DATA SHOWN:
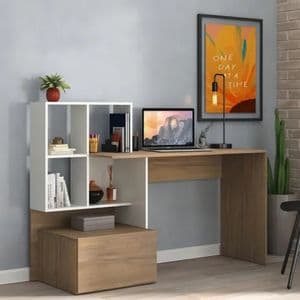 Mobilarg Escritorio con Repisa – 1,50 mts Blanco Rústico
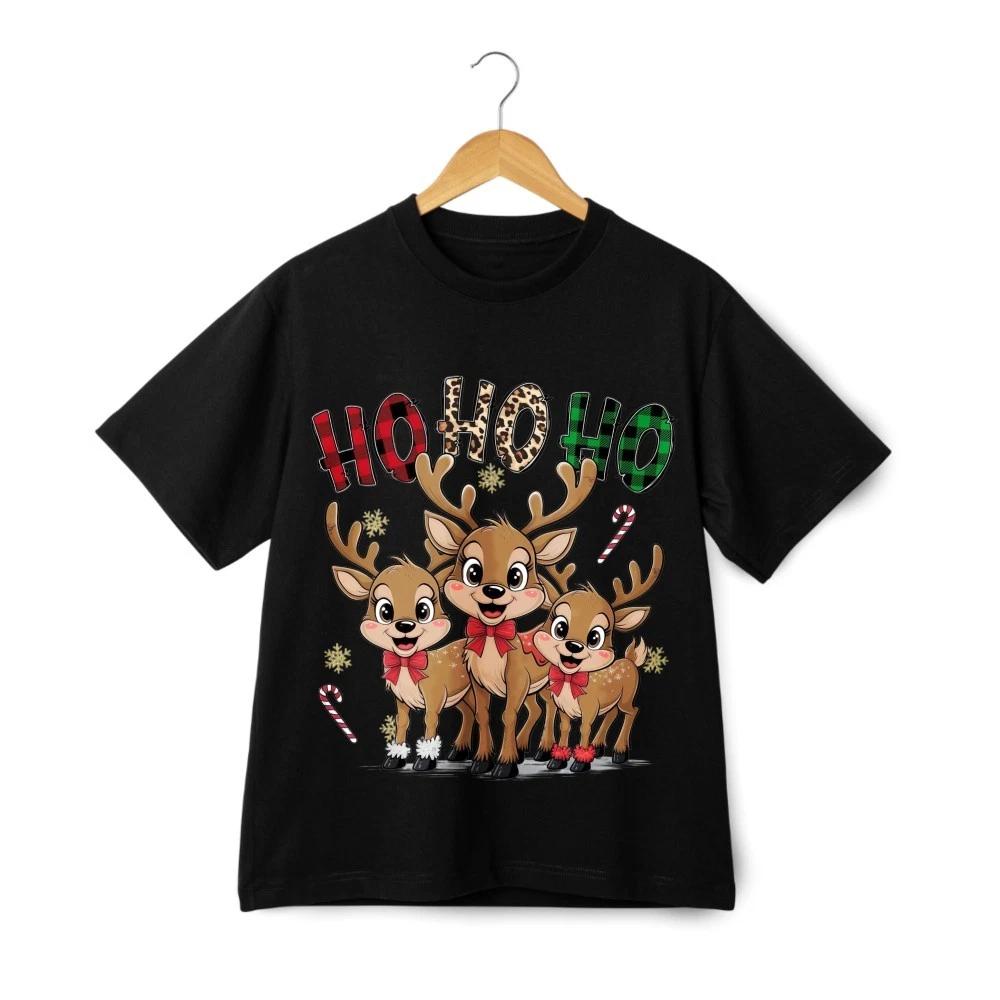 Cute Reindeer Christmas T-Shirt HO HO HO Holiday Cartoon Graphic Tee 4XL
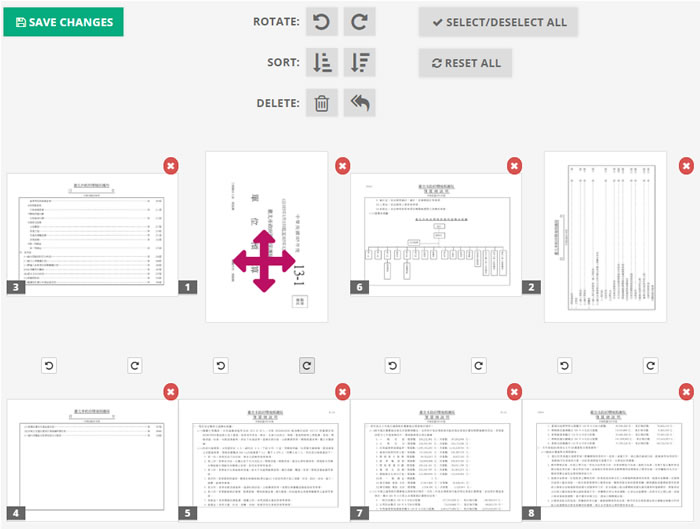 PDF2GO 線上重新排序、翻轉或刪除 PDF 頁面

...

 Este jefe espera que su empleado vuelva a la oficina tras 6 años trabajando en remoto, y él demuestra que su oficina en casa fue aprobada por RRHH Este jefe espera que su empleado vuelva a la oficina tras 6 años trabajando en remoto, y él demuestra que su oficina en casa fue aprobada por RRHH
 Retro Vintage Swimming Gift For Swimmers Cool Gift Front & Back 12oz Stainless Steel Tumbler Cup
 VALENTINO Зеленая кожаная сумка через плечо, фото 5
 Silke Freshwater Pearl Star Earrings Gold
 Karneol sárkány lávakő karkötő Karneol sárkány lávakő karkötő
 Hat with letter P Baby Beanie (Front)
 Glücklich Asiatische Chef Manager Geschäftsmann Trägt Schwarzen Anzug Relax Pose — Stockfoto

AIM OF THE TASK: In the entries above, find each line that includes the string "Front" and copy it.

THE ANSWER:
 Retro Vintage Swimming Gift For Swimmers Cool Gift Front & Back 12oz Stainless Steel Tumbler Cup
 Hat with letter P Baby Beanie (Front)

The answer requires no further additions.